Cable One’s Growth Plan: Cut the Cord

While the rest of the cable industry waits with bated breath for the wave of consolidation expected in the wake of the approval or disapproval of the Comcast-Time Warner Cable merger, one small cable company is taking an opposite approach.

Instead of increasing scale to offset rising programming costs, midsized Cable One is almost giving up on video and phone service. Instead, the Phoenix-based MSO is focusing its energies on higher margin high-speed data and business services.

The jury is still out on which strategy will be more successful, but Cable One recently offered a detailed look into its operations through a prospectus filed with the Securities and Exchange Commission in anticipation of this summer’s planned spinoff from parent Graham Holdings. The spin will make Cable One an independent, publicly traded company.

Cable One made headlines last year when it decided not to renew 15 Viacom networks, including MTV, Comedy Central, Nickelodeon and Spike, replacing them with such lower-cost alternatives as Revolt, Sprout and TheBlaze.

While that decision has led to a sharp decline in residential video customers — Cable One finished 2014 with about 451,000 basic-video subscribers, a 16.9% decline from 2013 — revenue from residential data and business services increased. And Cable One is banking that those products will take up most of the slack in the future.

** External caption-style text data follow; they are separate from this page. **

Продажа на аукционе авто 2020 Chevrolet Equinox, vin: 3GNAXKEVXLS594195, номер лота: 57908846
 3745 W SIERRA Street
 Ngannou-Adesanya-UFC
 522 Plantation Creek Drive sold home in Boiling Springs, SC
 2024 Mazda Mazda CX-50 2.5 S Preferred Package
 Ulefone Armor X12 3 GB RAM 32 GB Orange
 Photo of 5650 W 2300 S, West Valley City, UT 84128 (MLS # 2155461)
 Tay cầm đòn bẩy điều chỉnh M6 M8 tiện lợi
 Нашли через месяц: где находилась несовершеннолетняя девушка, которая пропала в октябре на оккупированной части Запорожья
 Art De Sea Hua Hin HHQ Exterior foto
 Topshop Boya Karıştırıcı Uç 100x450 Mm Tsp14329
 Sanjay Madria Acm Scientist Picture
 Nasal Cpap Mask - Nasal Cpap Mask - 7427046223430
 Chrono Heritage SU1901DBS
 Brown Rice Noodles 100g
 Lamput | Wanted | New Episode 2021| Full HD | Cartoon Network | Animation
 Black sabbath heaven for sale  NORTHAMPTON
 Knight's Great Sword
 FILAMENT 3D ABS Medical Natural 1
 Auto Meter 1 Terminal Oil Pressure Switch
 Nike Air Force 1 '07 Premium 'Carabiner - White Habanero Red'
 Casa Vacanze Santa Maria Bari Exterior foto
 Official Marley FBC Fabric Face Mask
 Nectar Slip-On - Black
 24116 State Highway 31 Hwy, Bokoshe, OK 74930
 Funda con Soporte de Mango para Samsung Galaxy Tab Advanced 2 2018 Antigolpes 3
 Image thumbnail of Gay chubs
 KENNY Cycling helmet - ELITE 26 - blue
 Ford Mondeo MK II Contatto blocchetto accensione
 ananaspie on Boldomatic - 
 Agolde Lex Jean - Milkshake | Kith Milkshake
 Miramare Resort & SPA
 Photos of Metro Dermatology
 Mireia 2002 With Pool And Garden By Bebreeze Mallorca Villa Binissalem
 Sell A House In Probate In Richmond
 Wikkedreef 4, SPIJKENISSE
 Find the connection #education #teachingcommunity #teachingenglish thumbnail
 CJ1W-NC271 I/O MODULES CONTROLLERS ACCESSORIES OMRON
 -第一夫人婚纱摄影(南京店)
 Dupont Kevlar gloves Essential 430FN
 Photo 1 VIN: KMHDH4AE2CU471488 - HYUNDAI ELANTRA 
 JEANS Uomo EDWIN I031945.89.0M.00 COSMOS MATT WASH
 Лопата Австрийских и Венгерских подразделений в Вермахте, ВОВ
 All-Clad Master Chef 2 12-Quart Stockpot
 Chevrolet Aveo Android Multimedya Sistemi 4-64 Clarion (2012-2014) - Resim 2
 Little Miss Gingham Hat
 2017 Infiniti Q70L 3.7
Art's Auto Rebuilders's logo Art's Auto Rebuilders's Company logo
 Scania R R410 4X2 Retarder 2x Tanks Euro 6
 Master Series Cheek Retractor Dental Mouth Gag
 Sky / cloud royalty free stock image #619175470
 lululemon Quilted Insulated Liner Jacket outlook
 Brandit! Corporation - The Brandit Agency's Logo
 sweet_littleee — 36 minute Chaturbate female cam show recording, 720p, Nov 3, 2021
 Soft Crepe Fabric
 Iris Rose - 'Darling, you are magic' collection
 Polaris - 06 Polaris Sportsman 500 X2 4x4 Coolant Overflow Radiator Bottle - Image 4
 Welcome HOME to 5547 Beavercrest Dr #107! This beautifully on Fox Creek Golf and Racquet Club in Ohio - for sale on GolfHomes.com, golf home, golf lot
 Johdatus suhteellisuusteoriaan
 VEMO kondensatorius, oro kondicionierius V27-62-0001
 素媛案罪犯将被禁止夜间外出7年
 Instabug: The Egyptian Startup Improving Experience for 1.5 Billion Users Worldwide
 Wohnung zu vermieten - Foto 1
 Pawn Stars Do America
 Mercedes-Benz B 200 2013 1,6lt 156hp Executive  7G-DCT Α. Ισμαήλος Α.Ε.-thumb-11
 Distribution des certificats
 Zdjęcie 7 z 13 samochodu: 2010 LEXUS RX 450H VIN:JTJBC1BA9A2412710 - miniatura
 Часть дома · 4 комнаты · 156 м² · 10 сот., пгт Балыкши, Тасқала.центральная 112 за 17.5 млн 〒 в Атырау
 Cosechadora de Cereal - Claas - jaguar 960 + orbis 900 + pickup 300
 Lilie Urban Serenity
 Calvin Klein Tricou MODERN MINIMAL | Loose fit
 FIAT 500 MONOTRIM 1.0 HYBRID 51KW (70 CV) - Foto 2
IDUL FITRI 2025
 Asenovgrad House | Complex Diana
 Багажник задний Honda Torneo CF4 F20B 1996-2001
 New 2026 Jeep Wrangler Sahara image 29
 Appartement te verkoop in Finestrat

“For us, success in winning and retaining residential data and business services customers are far more important metrics than the number of triple play customers we have,” Cable One said in its preliminary prospectus.

That flies directly in the face of most operator strategies — Comcast and Time Warner Cable, for instance, have embarked on efforts to boost triple-play penetration and ended 2014 with 44% and 40% of video customers, respectively, in triple-play packages.

“I think that making such a drastic move as de-emphasizing your core, bread-and-butter video business, and turning yourself into a dumb pipe, highlights how much pressure the smaller cable operators in particular are under,” Pivotal Research Group principal and senior media & communications analyst Jeff Wlodarczak said, adding that smaller operators are under increasing stress to sell out to larger players.

That strategy could work for a time, at least until a deep-pocketed overbuilder encroaches on the market or regulators decide it is time to set pricing on broadband.

“In the end, I think you want to have as many hooks — video, voice, data and wireless — into the consumer as possible,” Wlodarczak said.

For the forseeable future, though, Cable One thinks it can survive and thrive with two rather meaty hooks into the consumer — broadband and business services.

For Cable One, residential data and business services made up about 41.5% of total revenue in 2014, compared to 38% the year before. Its percentage of Internet-only customers grew by 50% between 2013 and 2014, and in 2014, 52% of Cable One’s new connects were Internet-only.

Telsey Advisory Group media analyst Tom Eagan said Cable One’s relatively low data penetration rates — 33% of homes passed — could present some upside for the company even as it de-emphasizes video. “Given their size, they don’t have the leverage to really negotiate with the programmers to keep the rates down,” Eagan said. “It makes sense they would go toward the heavy broadband strategy, especially given the low penetration rate.”

That has had the obvious dramatic impact on programming costs. Cable One estimated its costs will plunge 64.4% from $171.4 million in 2015 to $61 million by 2019.

That could mean that Cable One is either planning on dropping more networks or losing a lot more video customers, Wlodarczak said.

Cable One seems to be pumping those savings into more data speeds. In April, the company plans to boost the minimum speed for its Ultra high-speed data package to 100 Megabits per second from 70 Mbps for no additional charge. By the end of 2016, it plans to complete an all-digital transition, freeing up three-fourths of its plant for data speeds up to and exceeding 1 Gigabit per second.

The company has also been deploying HD TiVo boxes that allow customers to watch Internet video on their TVs, which could also drive the need for a faster pipe.

Despite the timing, Wlodarczak doesn’t see other operators following Cable One’s lead.

“There is still too much margin on video and too much of an opportunity to claw back subscribers from satellite TV,” Wlodarczak said.